## Problem description
Only one stretch of the data is wanted: the line containing "di 100 carte", the line containing "Handschuhe für Mädchen", and every line between them, copied exactly.

(Recorded information Opens)

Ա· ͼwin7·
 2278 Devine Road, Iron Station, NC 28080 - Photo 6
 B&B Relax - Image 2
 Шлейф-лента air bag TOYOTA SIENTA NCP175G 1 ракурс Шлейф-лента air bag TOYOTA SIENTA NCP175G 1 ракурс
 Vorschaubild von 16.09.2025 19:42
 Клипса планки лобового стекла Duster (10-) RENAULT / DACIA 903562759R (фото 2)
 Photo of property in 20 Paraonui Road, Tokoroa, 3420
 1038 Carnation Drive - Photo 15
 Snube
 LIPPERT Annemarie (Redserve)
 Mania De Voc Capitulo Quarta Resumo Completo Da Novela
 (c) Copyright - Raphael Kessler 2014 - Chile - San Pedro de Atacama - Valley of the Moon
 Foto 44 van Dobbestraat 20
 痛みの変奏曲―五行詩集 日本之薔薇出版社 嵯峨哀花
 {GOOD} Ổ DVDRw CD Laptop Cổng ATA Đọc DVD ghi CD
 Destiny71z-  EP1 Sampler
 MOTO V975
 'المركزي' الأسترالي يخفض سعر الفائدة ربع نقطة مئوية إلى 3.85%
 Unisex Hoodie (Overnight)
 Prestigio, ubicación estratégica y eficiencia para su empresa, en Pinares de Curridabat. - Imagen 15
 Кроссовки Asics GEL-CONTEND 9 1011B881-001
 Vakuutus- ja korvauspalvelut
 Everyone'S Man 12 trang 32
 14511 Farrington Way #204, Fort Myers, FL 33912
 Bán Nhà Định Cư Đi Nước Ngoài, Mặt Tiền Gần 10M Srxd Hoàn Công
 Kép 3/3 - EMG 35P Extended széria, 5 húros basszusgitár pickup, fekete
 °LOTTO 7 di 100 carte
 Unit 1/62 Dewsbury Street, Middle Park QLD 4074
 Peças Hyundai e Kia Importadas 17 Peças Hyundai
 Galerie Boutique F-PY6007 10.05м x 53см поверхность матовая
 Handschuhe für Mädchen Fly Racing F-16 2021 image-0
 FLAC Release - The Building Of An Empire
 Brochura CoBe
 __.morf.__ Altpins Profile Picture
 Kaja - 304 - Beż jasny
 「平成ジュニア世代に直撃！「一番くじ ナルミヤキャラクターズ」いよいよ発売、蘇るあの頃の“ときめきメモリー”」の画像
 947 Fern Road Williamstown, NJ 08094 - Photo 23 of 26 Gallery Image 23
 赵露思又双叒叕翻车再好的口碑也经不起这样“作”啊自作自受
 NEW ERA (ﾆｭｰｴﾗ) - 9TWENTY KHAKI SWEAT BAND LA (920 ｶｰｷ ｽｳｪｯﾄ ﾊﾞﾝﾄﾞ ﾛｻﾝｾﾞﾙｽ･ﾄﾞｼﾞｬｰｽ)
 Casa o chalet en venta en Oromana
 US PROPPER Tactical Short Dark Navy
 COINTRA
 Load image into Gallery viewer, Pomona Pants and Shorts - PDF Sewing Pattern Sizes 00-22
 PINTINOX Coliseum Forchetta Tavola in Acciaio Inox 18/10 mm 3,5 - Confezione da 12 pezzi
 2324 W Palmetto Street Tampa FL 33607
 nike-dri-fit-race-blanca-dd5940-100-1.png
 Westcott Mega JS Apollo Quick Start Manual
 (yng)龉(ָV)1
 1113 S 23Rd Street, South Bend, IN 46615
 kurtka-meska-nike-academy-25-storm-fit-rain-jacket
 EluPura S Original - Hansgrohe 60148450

(Recorded information Closes)

## Answer space
 °LOTTO 7 di 100 carte
 Unit 1/62 Dewsbury Street, Middle Park QLD 4074
 Peças Hyundai e Kia Importadas 17 Peças Hyundai
 Galerie Boutique F-PY6007 10.05м x 53см поверхность матовая
 Handschuhe für Mädchen Fly Racing F-16 2021 image-0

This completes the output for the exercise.